The Growing Puerto Rico Statehood Rights Movement


But the House Democrats are preparing another push for a referendum on Puerto Rico statehood. Michael Barone gives the case against, which strikes me as more procedural than actual, in that his argument is most Puerto Ricans do not want to be a state, which, if true, ought to make it a non-issue. But the House Democratic bill pushes for a referendum, and it’s unclear to me what margin Barone would accept. I think he and I would probably agree that something such as statehood out to be ratified by a 2/3s, rather than bare, majority. I can get down with that.

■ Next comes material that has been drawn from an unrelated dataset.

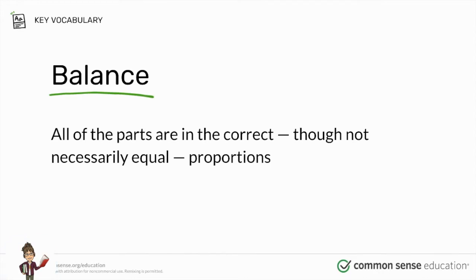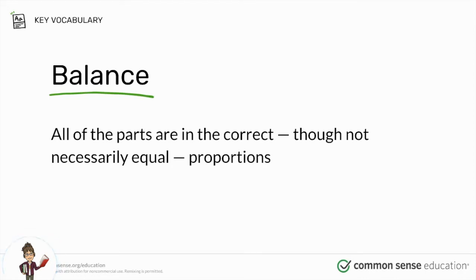Media, that term, includes all of the ways that large groups of people get and share information. Let's take a look at a quick video.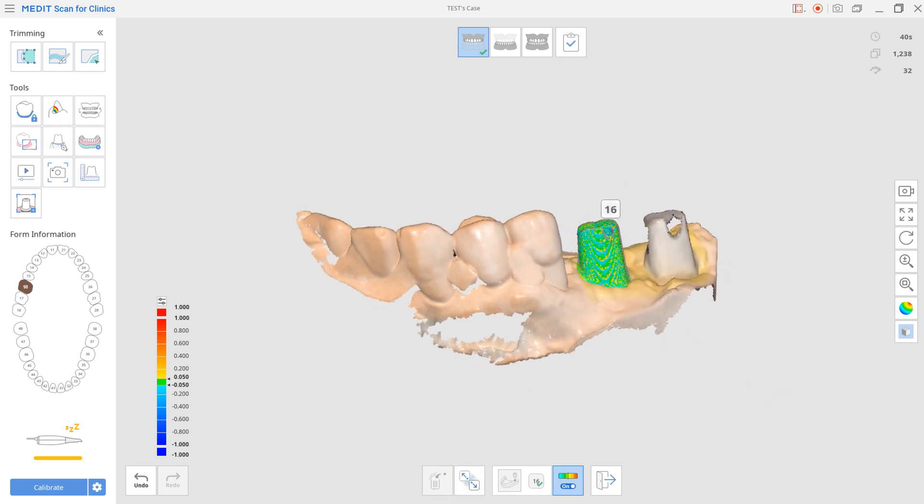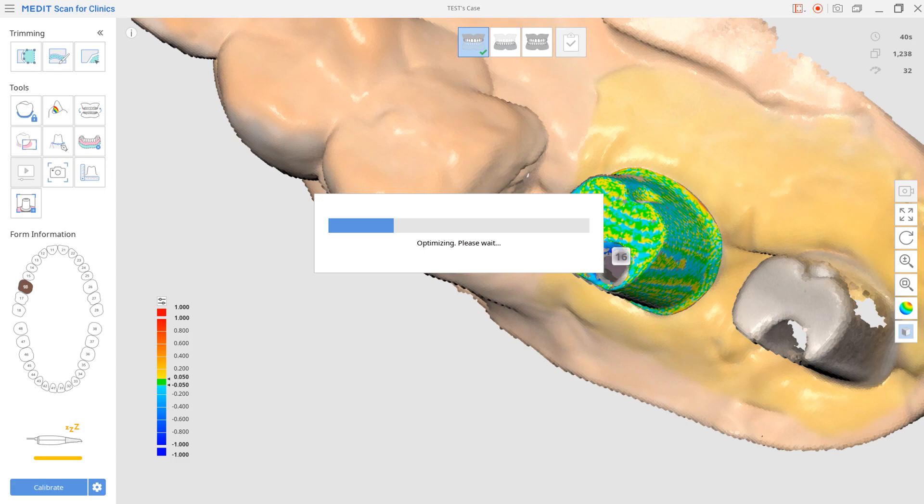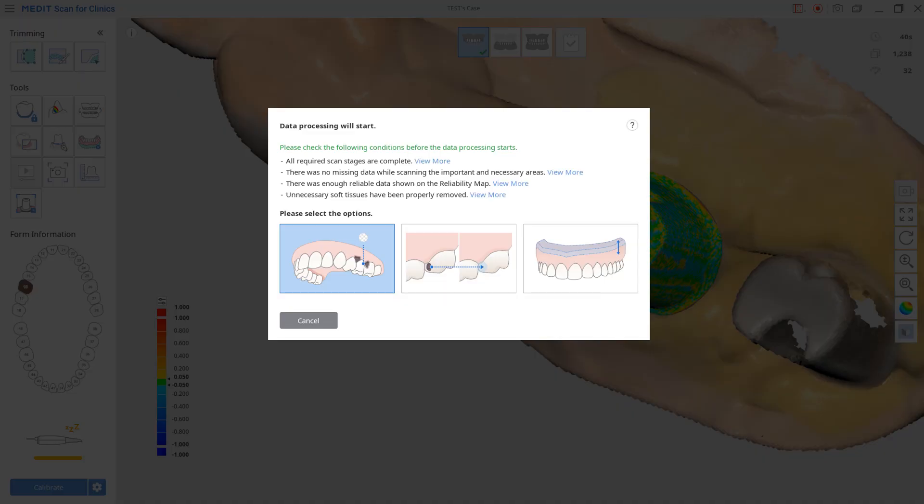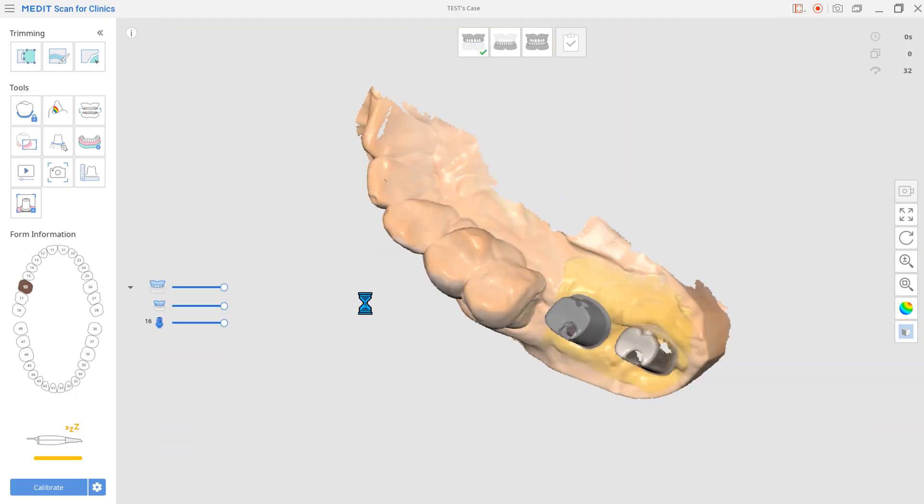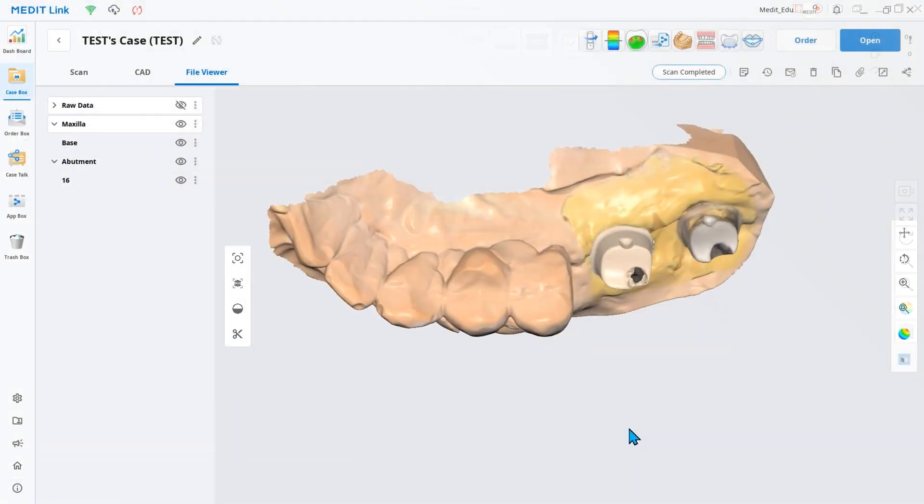When the scan is completed and saved, it is created as a separate file in MeditLink's file viewer.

The Washington Times argues that the Democrats are trying to stack the deck in favor of statehood, which is probably true. However, their main argument against statehood appears to be that Puerto Rico is not a predominately English speaking country. Which always strikes me, in this context, as a non-sequitur . At least in this case, the Times actually makes something of an argument as to why that would be bad (most seem to just drop it in there as a dog whistle):

From the standpoint of the rest of us mainlanders, major problems present themselves. Most important, Puerto Rico does not consider English its sole official language of government, and islanders predominantly speak Spanish. No non-official-English state has ever joined the union, and for good reason. As Canada’s experience shows, official bilingualism almost inevitably leads to discord and balkanization.

Except I don’t think that’s really true, and certainly not inevitably so. I think that the fact that Puerto Rico is very much its own country and culture would make assimilation into the state system problematic, but the fact that most of its citizens primarily speak Spanish doesn’t strike me as a disqualifier so much as a practical difficulty, on par with, say, the farness of Hawaii or the cut-offed-ness of Alaska.

Anyway, I’m still fine with PR statehood should a pretty good referendum system be implemented and passed, although like Barone, I don’t know that most Puerto Ricans want statehood anyway. A higher priority to me is D.C. statehood. That over half a million East Coast residents get no say in their local or national government is beyond insane—I still have no idea how the Supreme Court doesn’t step in and force a solution (still my favorite—technically folding the non-government parts of D.C. into Maryland).